Start of THE DATA

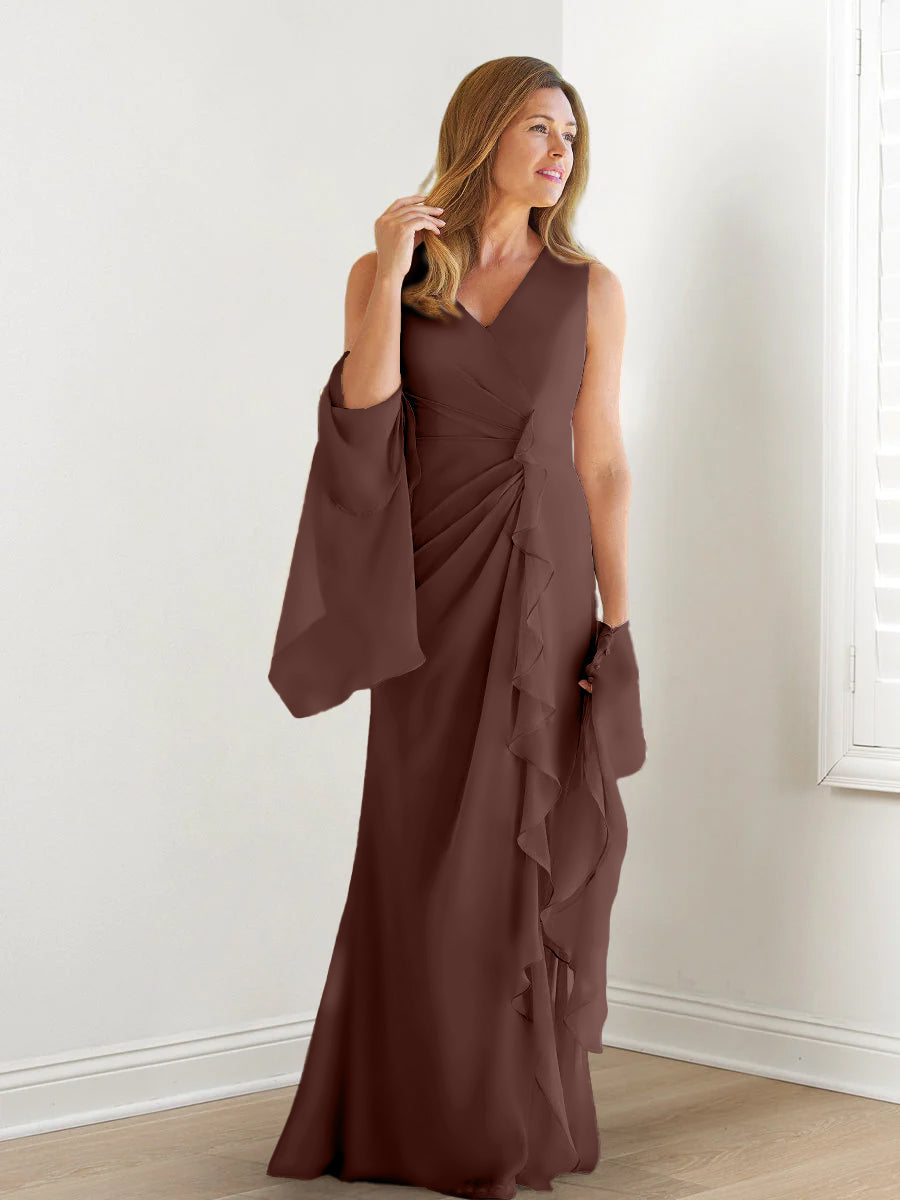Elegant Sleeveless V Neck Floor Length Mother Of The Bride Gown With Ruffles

End of THE DATA
Start of THE DATA

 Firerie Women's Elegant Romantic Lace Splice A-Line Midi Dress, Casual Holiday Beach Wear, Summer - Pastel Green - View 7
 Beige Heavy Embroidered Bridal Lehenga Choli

End of THE DATA

EXERCISE | Only the lines above starting at the line that holds "Firerie Women's Elegant" and ending at the line that holds "Beige Heavy Embroidered Bridal Lehenga Choli" are to be repeated, exactly and in full.

RESULT |
 Firerie Women's Elegant Romantic Lace Splice A-Line Midi Dress, Casual Holiday Beach Wear, Summer - Pastel Green - View 7
 Beige Heavy Embroidered Bridal Lehenga Choli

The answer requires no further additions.